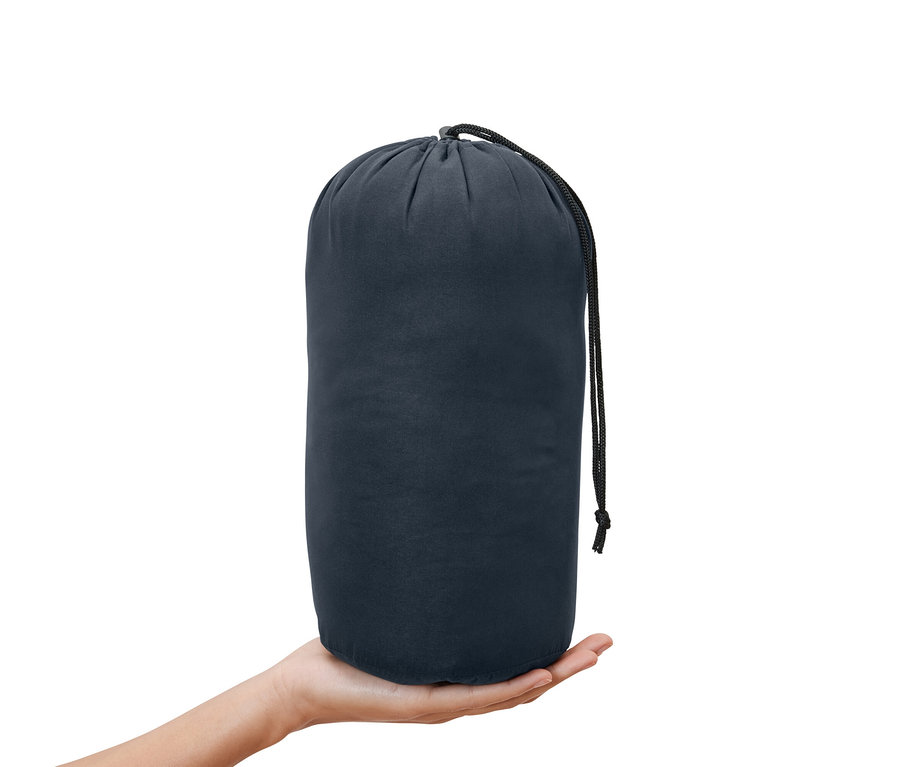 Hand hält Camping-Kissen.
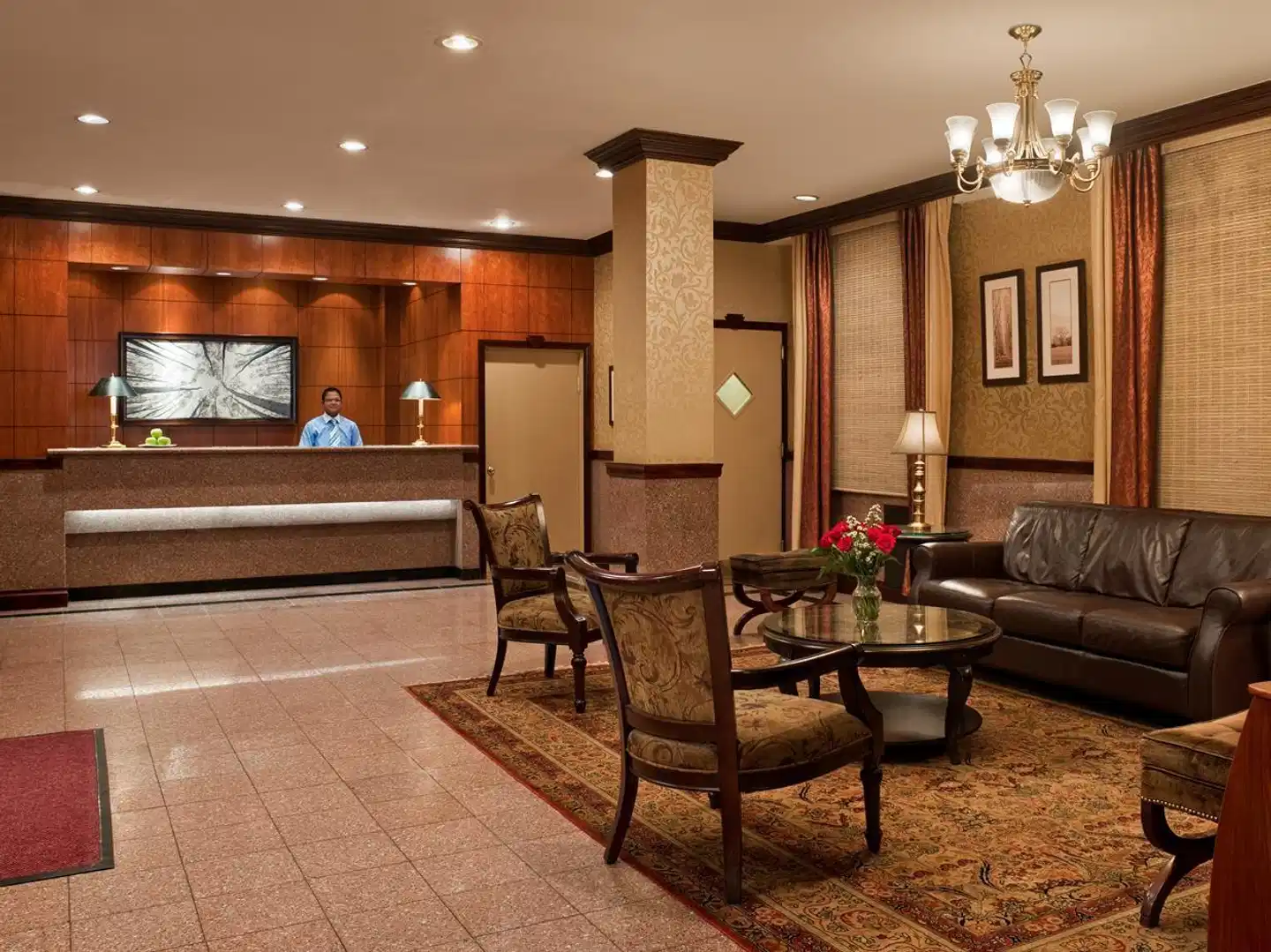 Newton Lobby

* * *

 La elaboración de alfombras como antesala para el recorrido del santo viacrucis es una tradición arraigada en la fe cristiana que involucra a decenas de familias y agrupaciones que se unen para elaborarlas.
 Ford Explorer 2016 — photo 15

---

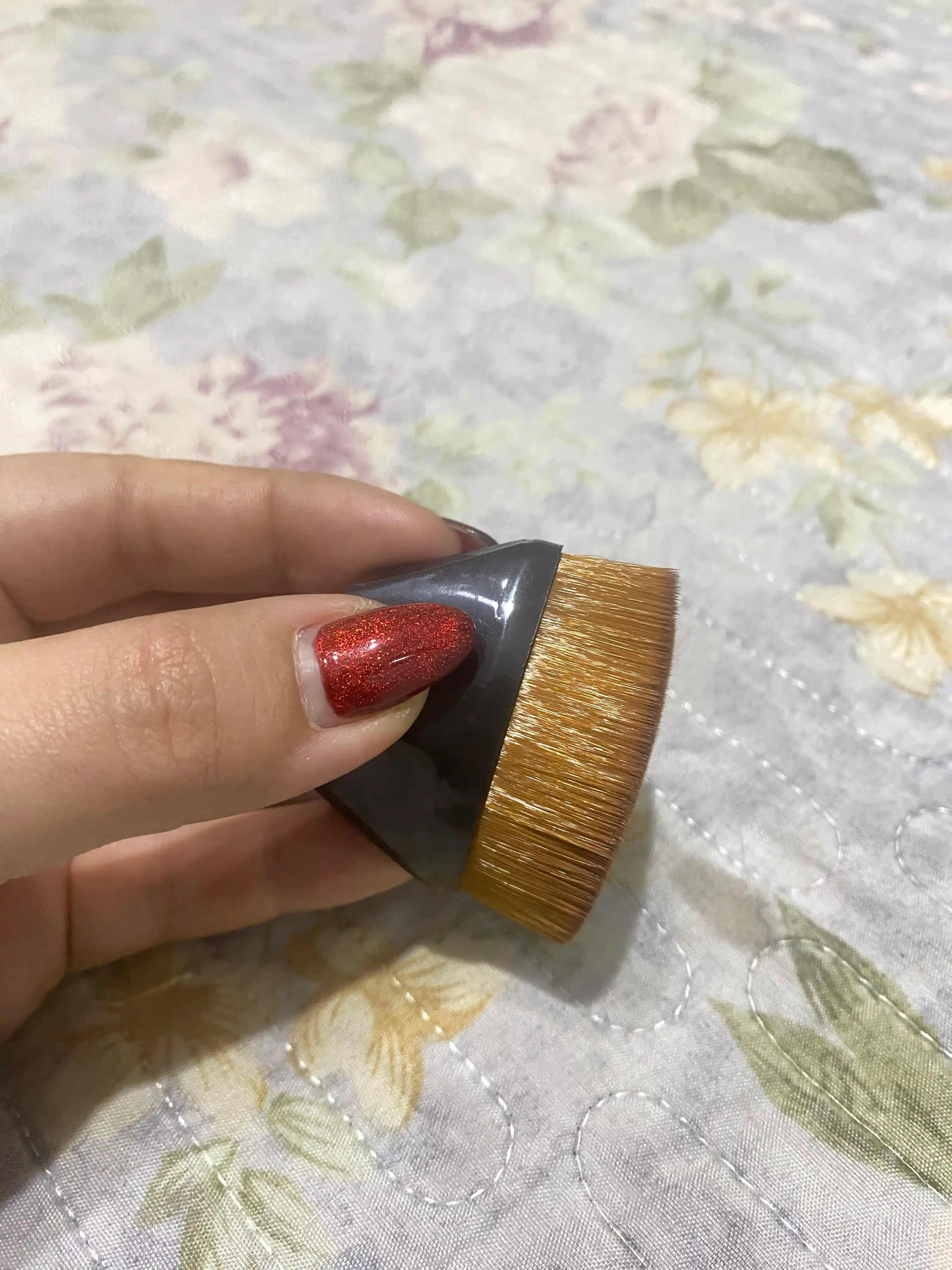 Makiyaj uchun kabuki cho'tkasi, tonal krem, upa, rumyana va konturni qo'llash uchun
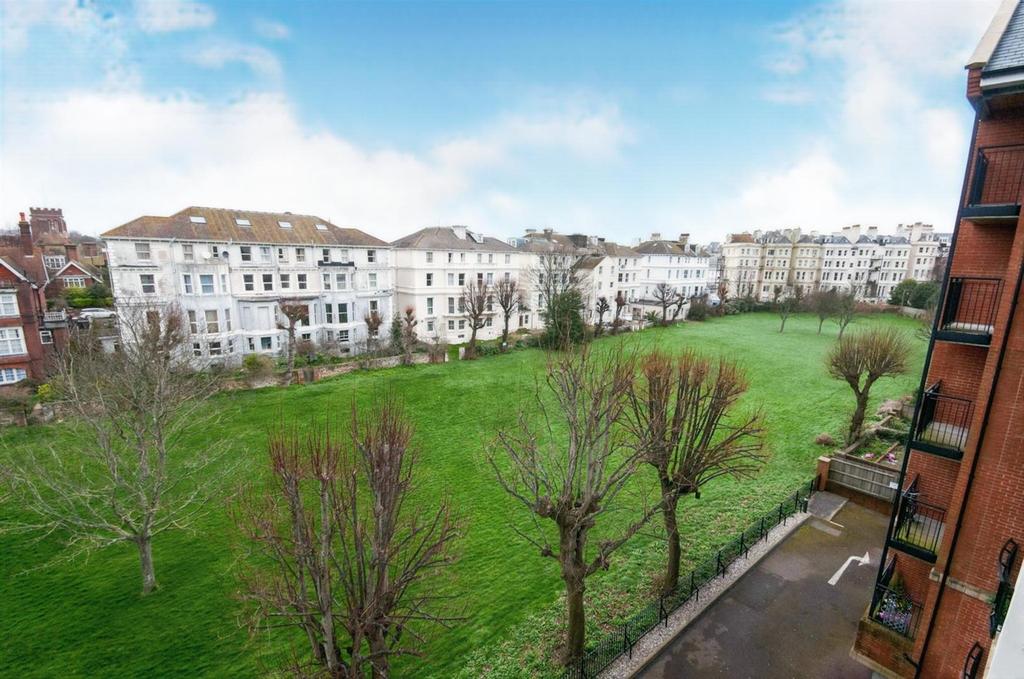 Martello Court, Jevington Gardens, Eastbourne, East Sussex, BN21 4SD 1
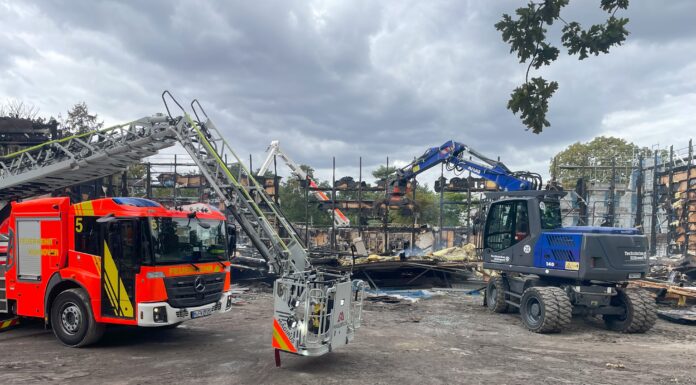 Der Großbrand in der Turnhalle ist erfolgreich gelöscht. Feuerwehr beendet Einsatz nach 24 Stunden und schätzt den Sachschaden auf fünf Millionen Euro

* ACTION ITEM
Copy exactly the material above from the line with "Martello Court, Jevington" to the line with "Der Großbrand in", ends included, and nothing else. Leave out any picture.

* EXERCISE SOLUTION
 Martello Court, Jevington Gardens, Eastbourne, East Sussex, BN21 4SD 1
 Der Großbrand in der Turnhalle ist erfolgreich gelöscht. Feuerwehr beendet Einsatz nach 24 Stunden und schätzt den Sachschaden auf fünf Millionen Euro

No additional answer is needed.